Search: High-volume, complex filtering, geo-spatial queries.

Reservation: Low-volume, high-integrity, row-level updates.

Database Table Design (Postgres):

Inventory Table: room_id (PK), date (PK), total_rooms, available_rooms, version.

Reservation Table: res_id (PK), user_id, hotel_id, room_id, check_in, check_out, status (PENDING/CONFIRMED).

Technical Selection:

Postgres: Chosen for Reservation/Inventory for ACID and robust row-level locking (SELECT ... FOR UPDATE).

OpenSearch: Chosen for Search to handle geo-queries (search by lat/long) and fuzzy matching.

Distribution Logic: Shard Inventory by hotel_id to ensure all dates for a single hotel live on the same node, allowing atomic multi-day updates.

Cache

Purpose & Justification: Reduces load on OpenSearch for popular city searches (e.g., "Paris in July").

Key-Value Schema: search:{city}:{dates}:{occupancy} -> JSON Blob of Hotel IDs.

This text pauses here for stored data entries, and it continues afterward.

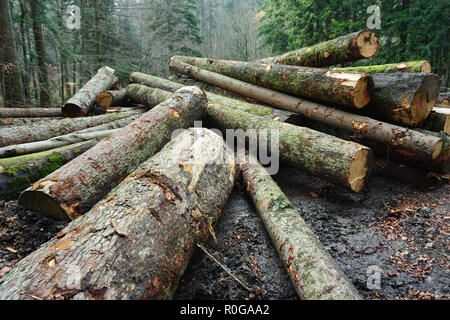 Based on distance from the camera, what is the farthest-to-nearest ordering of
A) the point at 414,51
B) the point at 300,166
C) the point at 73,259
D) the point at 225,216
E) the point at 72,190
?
1. the point at 414,51
2. the point at 300,166
3. the point at 225,216
4. the point at 72,190
5. the point at 73,259

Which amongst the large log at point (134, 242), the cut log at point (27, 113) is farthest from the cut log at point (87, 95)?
the large log at point (134, 242)

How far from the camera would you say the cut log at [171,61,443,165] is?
10.0 ft

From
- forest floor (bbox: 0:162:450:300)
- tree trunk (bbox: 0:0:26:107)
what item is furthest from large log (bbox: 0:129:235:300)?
tree trunk (bbox: 0:0:26:107)

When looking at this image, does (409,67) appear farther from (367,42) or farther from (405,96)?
(405,96)

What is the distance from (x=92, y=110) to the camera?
6.56 metres

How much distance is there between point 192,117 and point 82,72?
1149 cm

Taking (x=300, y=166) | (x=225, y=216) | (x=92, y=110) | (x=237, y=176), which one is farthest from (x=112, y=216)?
(x=92, y=110)

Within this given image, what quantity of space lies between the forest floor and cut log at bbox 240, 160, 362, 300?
7.5 inches

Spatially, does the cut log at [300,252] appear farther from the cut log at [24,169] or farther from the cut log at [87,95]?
the cut log at [87,95]

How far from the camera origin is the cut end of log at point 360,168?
9.37 feet

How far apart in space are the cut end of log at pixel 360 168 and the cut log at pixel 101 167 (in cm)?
261

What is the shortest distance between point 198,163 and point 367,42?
3.84m

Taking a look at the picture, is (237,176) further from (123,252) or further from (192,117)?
(123,252)

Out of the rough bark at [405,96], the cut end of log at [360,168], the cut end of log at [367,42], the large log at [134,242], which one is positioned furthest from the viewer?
the cut end of log at [367,42]
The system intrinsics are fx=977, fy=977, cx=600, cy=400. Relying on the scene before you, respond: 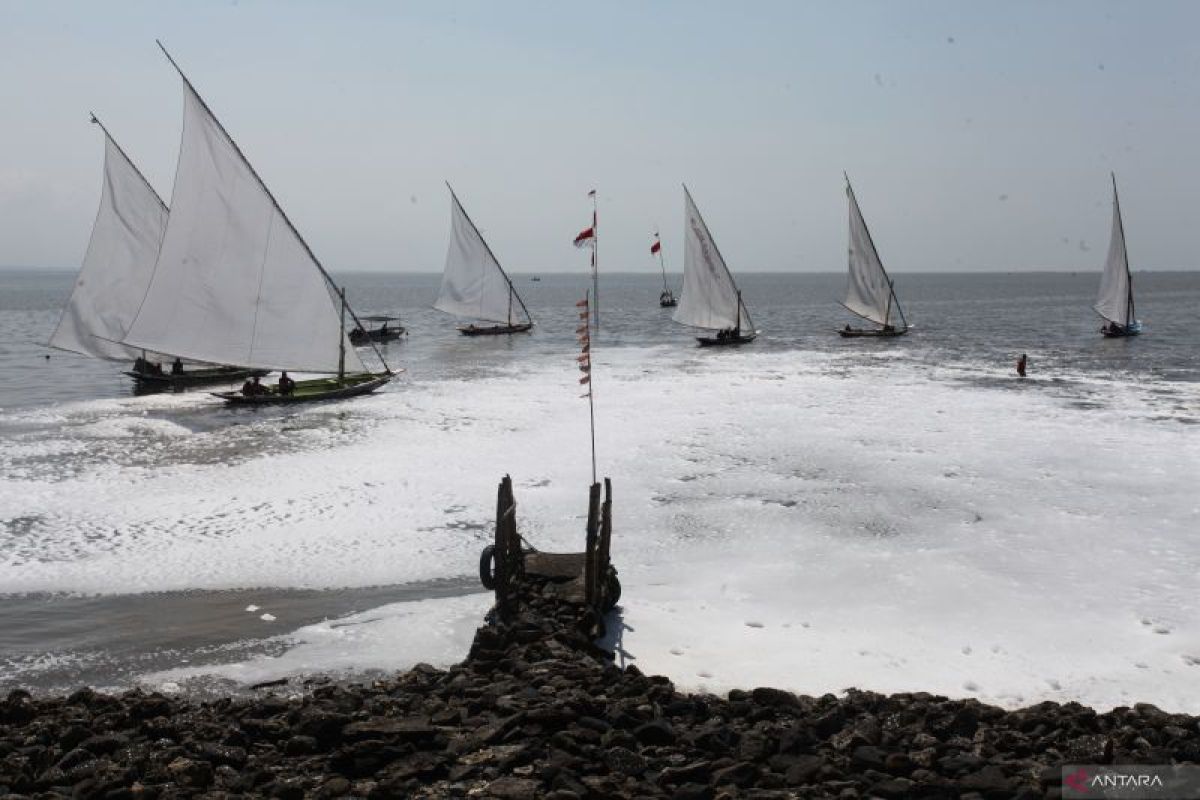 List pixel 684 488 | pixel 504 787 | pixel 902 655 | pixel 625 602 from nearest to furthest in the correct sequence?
pixel 504 787
pixel 902 655
pixel 625 602
pixel 684 488

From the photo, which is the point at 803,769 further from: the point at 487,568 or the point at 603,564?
the point at 487,568

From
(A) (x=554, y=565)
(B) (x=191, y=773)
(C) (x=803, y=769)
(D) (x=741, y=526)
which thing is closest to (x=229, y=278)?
(D) (x=741, y=526)

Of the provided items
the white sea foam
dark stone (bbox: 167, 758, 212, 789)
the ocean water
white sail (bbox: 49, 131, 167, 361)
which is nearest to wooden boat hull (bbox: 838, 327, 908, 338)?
the ocean water

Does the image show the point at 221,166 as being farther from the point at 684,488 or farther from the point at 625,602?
the point at 625,602

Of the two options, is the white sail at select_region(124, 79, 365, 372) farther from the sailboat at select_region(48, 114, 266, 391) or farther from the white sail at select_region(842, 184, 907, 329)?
the white sail at select_region(842, 184, 907, 329)

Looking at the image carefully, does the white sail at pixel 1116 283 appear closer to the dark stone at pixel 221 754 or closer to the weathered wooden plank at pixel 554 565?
the weathered wooden plank at pixel 554 565

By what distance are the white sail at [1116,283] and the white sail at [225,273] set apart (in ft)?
159

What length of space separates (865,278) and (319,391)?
134 ft

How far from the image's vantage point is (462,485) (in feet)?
71.8

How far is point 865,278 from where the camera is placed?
A: 6400 cm

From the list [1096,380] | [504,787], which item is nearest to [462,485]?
[504,787]

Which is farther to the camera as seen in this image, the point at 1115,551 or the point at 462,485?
the point at 462,485

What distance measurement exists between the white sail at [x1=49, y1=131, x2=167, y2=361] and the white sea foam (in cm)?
720

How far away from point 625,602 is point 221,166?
78.6ft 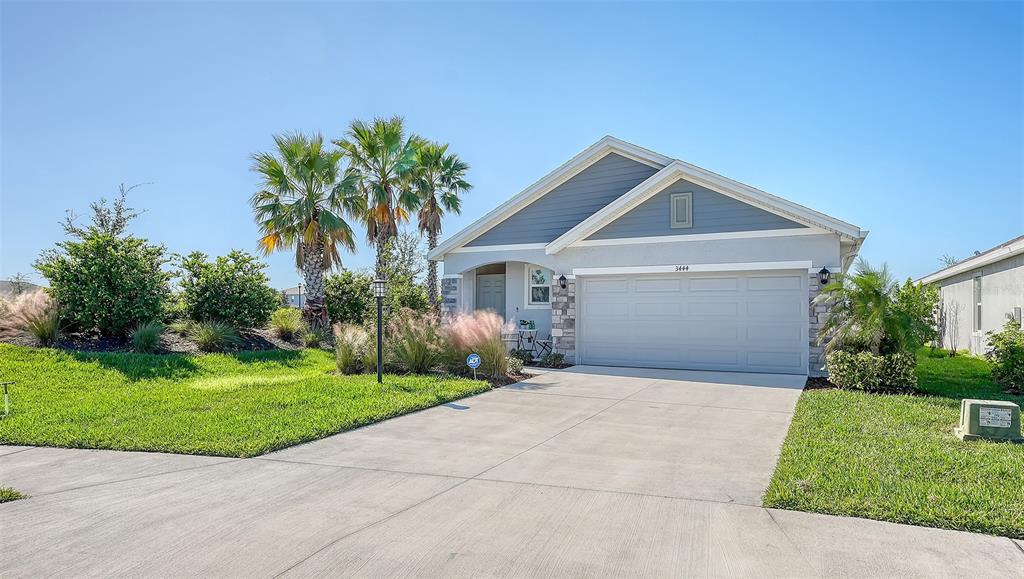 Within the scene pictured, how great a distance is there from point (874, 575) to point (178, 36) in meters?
12.5

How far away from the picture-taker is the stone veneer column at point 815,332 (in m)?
11.7

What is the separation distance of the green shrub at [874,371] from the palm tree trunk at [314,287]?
1365 cm

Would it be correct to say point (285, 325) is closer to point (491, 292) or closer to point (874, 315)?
point (491, 292)

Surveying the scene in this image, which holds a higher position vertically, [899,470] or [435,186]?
[435,186]

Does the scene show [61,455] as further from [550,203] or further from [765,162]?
[765,162]

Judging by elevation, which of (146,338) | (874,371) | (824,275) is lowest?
(874,371)

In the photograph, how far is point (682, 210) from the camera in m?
12.9

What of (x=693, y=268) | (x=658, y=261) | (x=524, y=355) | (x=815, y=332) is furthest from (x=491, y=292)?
(x=815, y=332)

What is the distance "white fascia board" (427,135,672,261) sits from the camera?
1439 centimetres

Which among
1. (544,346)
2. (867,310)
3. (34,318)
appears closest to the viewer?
(867,310)

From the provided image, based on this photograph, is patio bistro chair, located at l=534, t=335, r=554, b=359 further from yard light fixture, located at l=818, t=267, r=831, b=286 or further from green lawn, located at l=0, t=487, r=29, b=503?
green lawn, located at l=0, t=487, r=29, b=503

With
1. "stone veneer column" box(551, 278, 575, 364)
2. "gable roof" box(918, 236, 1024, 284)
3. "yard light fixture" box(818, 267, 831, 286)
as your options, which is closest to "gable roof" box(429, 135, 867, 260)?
"yard light fixture" box(818, 267, 831, 286)

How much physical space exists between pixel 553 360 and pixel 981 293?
40.3 feet

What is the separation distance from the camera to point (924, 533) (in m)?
3.76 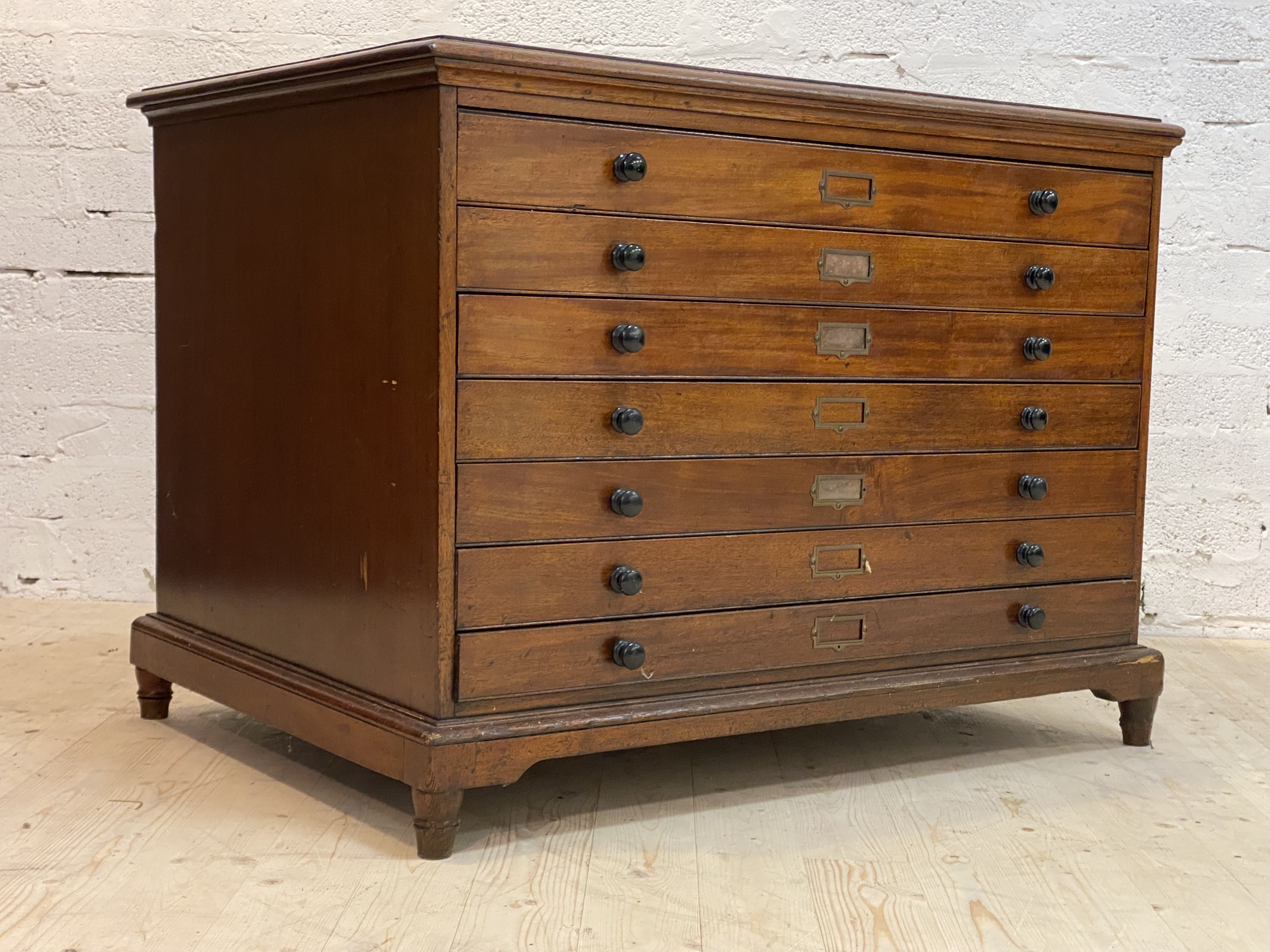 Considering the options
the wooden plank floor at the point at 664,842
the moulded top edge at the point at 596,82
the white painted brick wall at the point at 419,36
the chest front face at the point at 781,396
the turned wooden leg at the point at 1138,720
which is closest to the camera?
the wooden plank floor at the point at 664,842

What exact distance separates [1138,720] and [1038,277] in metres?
0.93

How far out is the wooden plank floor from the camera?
81.3 inches

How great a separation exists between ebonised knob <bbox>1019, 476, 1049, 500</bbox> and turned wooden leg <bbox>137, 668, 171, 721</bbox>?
170 cm

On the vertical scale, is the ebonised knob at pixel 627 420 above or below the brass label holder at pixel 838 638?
above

TTL: 5-10 minutes (higher during low volatility).

Failure Handling: If Redis fails, fall back directly to OpenSearch.

Messaging

Purpose & Decoupling: Kafka decouples the critical booking path from side effects like sending confirmation emails or updating analytics dashboards.

Event / Topic Schema: reservation_events: { "event_type": "BOOKED", "reservation_id": "123", "user_email": "..." }.

Failure Handling: Dead-letter queues (DLQ) for failed email notifications.

Infrastructure (Optional)

Observability: Prometheus for metrics (booking success rate), ELK stack for logs, Jaeger for tracing cross-service reservation flows.

Wrap Up

Advanced Topics

Trade-offs: We chose Eventual Consistency for the Search Index. A room might show as "available" in search but fail at the checkout stage because it was just booked. This is a standard industry trade-off to keep search fast.

Reliability: To prevent "Zombie Reservations" (rooms locked but never paid), a background cleaner service cancels PENDING reservations older than 15 minutes and restores inventory.

Bottleneck Analysis: The Inventory DB is the primary write bottleneck. Sharding by hotel_id is the mitigation strategy for a 10x scale.

Security: All PII (Guest names, emails) is encrypted at rest using AES-256. No credit card data is stored locally (PCI-DSS compliance via Stripe).